It's not Horribly small. When your resizing the photo, Set it at 72 Resolution, and about a 5x7" size. 

For an example, this one is 148 KB, Take a Look:


----------



## Battou

AdamBomb said:


> It's not Horribly small. When your resizing the photo, Set it at 72 Resolution, and about a 5x7" size.
> 
> For an example, this one is 148 KB, Take a Look:
> 
> [IMG - pulled]



It depends on your Jpeg compressoin too

This one is 121.76 KB


----------



## TamiyaGuy

Sounds like a really interesting challenge, I might even enter it this time. Shame I can only think of photos that a thousand people have taken a thousand times better than me .


----------



## kanmai

Still Confused with Title, Can anyone please help me to understand the title.


----------



## Battou

kanmai said:


> Still Confused with Title, Can anyone please help me to understand the title.



"pertaining to a tree, or to trees; of nature of trees"


----------



## Dreamflight

Battou said:


> It depends on your Jpeg compressoin too
> 
> This one is 121.76 KB



Mm, okay, that makes sense...I must have tested it on a photo with weird compression the first time.  The other ones are turning out more like I expected; thanks!  Hopefully I'll get some good shots tomorrow--it's a winter wonderland out there.  

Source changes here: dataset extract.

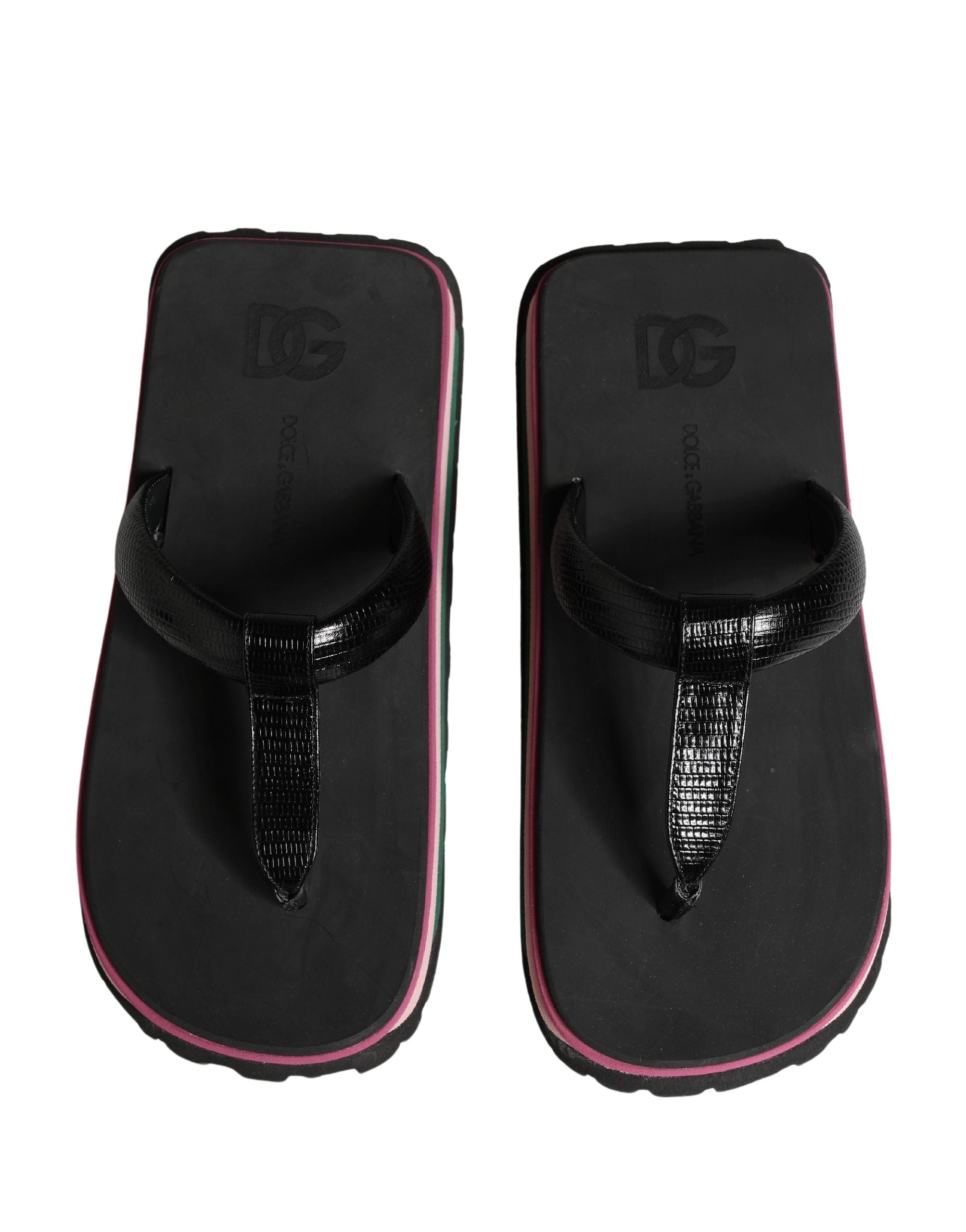 Dolce & Gabbana Multicolor Rubber Chunky Flip-Flop Sandals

"Arboreal" is an adjective...so is it supposed to just be _like _trees, or do pictures of actual trees work for the theme?


----------



## Chris of Arabia

The idea is that it's pretty much anything to do with trees: branches, roots, whole forests, the sapling in your back yard, things living in trees, things climbing trees, leaves (if you have them in your part of the world at the moment), lanscapes with trees in them. It's very much open to interpretation, so long as those who will end up voting can see that it's somehow related to or representative of a tree(s).


----------



## frfefarfearz

wooohooo.. i would love to join the feb contest 

i miss thephotoforum. its been a while since i last visited the forum


----------



## Admodel20d

im in, sounds interesting, and i've already got a pic lined up which i took last month. Not sure how well it'll do since some of you guys sound like you've done a lot of nature photography...


----------



## AlexColeman

I have got one. Not great, but for a 14yr old, it isn't too shabby.


----------



## AlexColeman

One question, where do we view them?


----------



## Battou

At the beginning of next month a thread will be posted with them all in a gallery.

What you will be looking for will be this "Poll: February '09 Photo Challenge Photos - ""Arboreal""


----------



## lekalgo

Sounds like a fun project, I've got a good photo to submit.  It probably wont win, but its a pretty nice photo all the same...


----------



## Dr Green Bud

Hi guys, where do you post send the entry pics?

I'm new!


----------



## Chris of Arabia

Have a close read of post #1 - everything you need is there


----------



## Dr Green Bud

sorry dude, cheers


----------



## Chris of Arabia

Any time - I aim to please (mostly )


----------



## Dr Green Bud

Me again, Ok I've sent my pic.

Fingers crossed and thanks again for your help.


----------



## frfefarfearz

i guess i just cant join this contest. there is no aborealistic place here


----------



## AlexColeman

Now I just gotta wait....


----------



## Chris of Arabia

OK, the door is now shut and I'm working my way through the next step of getting them uploaded. Thanks to all those who have decided to participate.


----------



## Chris of Arabia

OK - all the images are loaded to the February 09 Gallery, but you'll have to wait until tomorrow for me to start the poll. It's nearly midnight here and I'd like some sleep. Whilst you wait, have a look at this month's submissions and see if you can identify your favourite.


----------



## jlykins

So if it weren't for a half naked woman with some branches around her boobs I might have had a shot at this one... Back to the drawing board.... lol.


----------



## Chris of Arabia

jlykins said:


> So if it weren't for a half naked woman with some branches around her boobs I might have had a shot at this one... Back to the drawing board.... lol.



I'm sure we'll see in all good time what the TPF voting public consider to be a fair representation of the topic at hand - it could be you...


----------



## jlykins

Oh I'm not complaining, I just wish that I had thought of it first. : )


----------



## Reanimator

Where I can see the picture?
Photografika


----------